● **Data to examine**
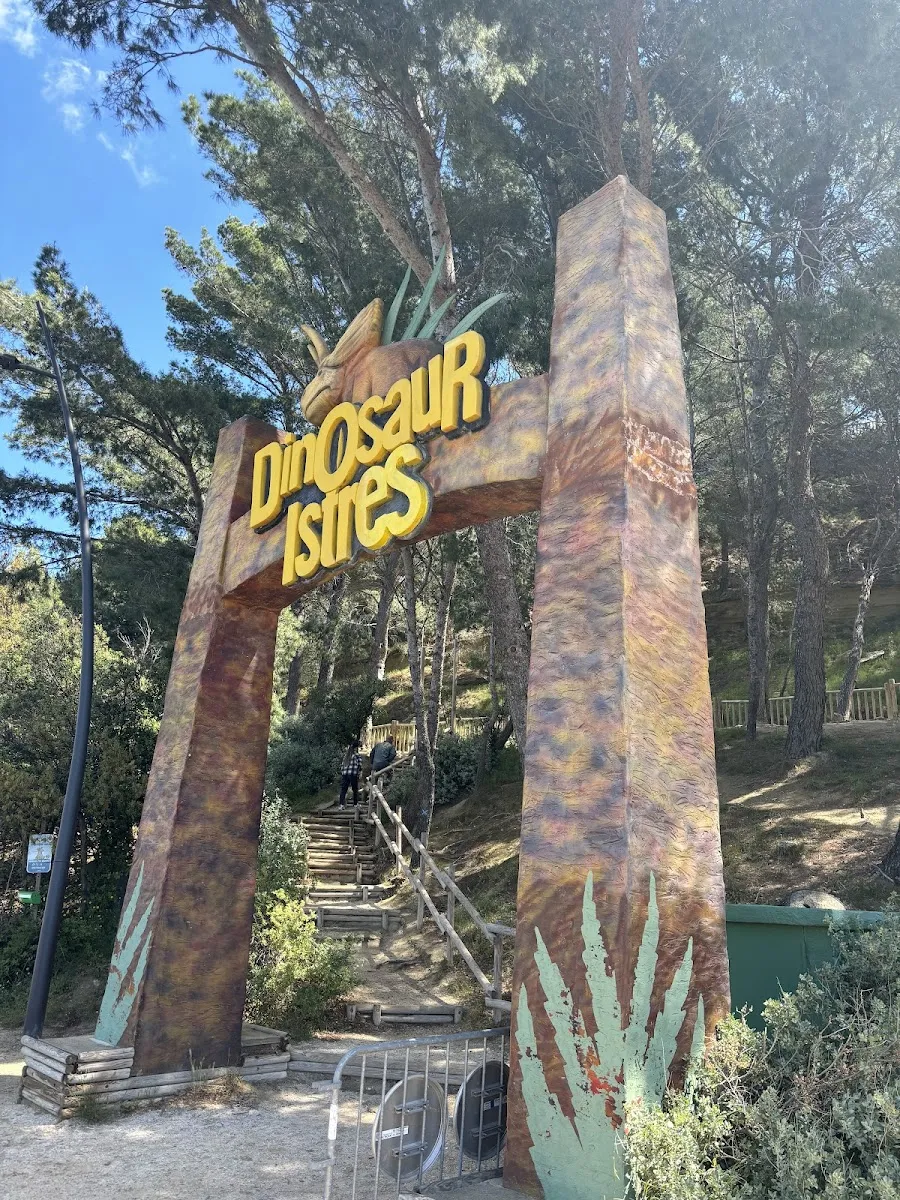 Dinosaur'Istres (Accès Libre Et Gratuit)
---
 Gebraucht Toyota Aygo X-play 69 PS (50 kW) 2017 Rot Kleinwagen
--
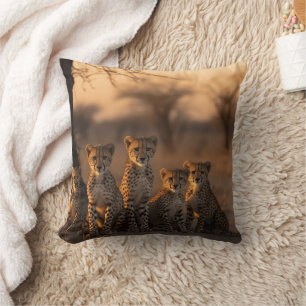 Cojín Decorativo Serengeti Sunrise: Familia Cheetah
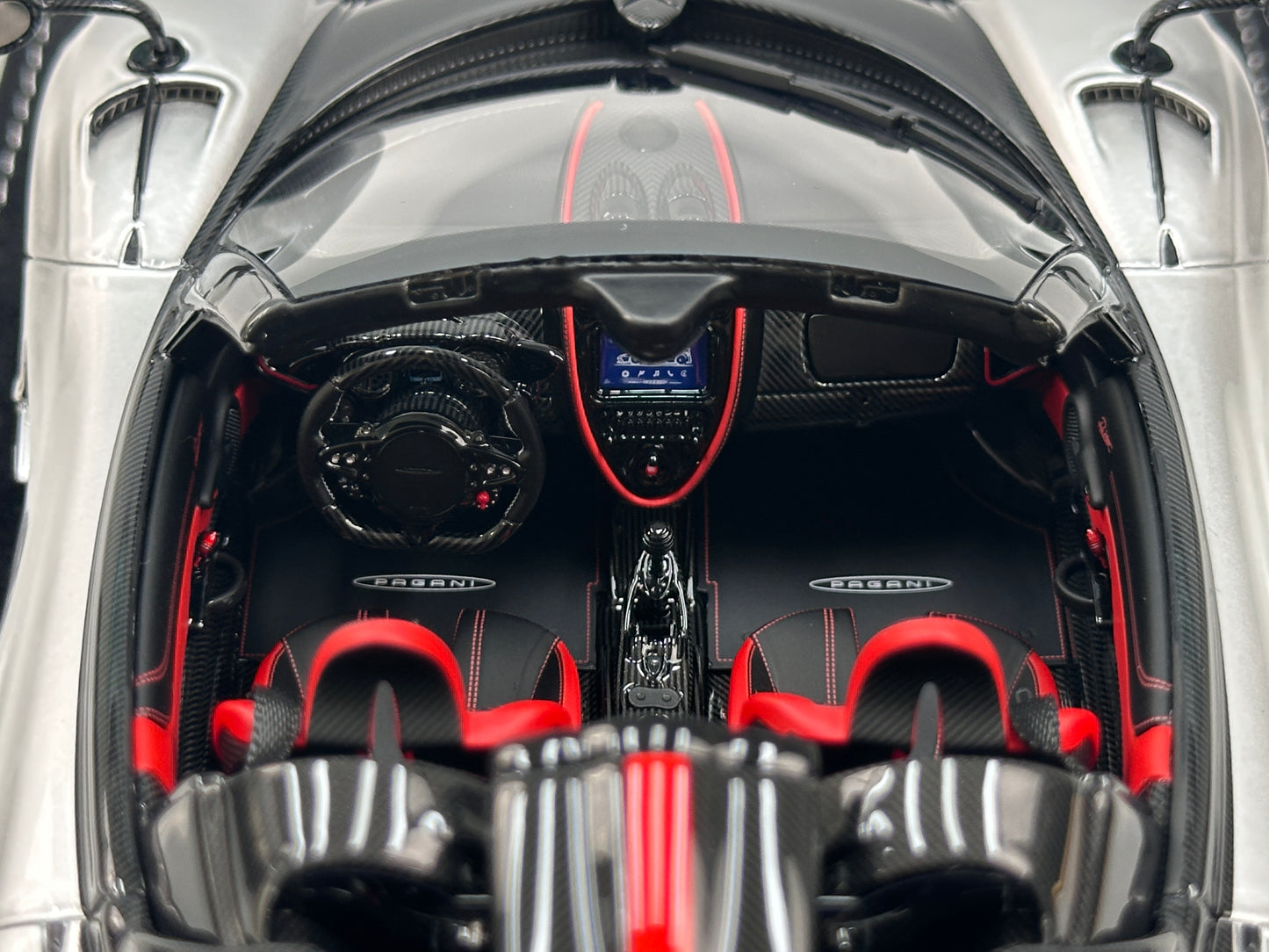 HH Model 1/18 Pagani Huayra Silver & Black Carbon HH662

● **To do**
Using the records above, repeat exactly the run of lines that starts with the line with "Cojín Decorativo Serengeti" and goes on through the line with "HH Model 1/18"; omit each picture.

● **Solution**
 Cojín Decorativo Serengeti Sunrise: Familia Cheetah
 HH Model 1/18 Pagani Huayra Silver & Black Carbon HH662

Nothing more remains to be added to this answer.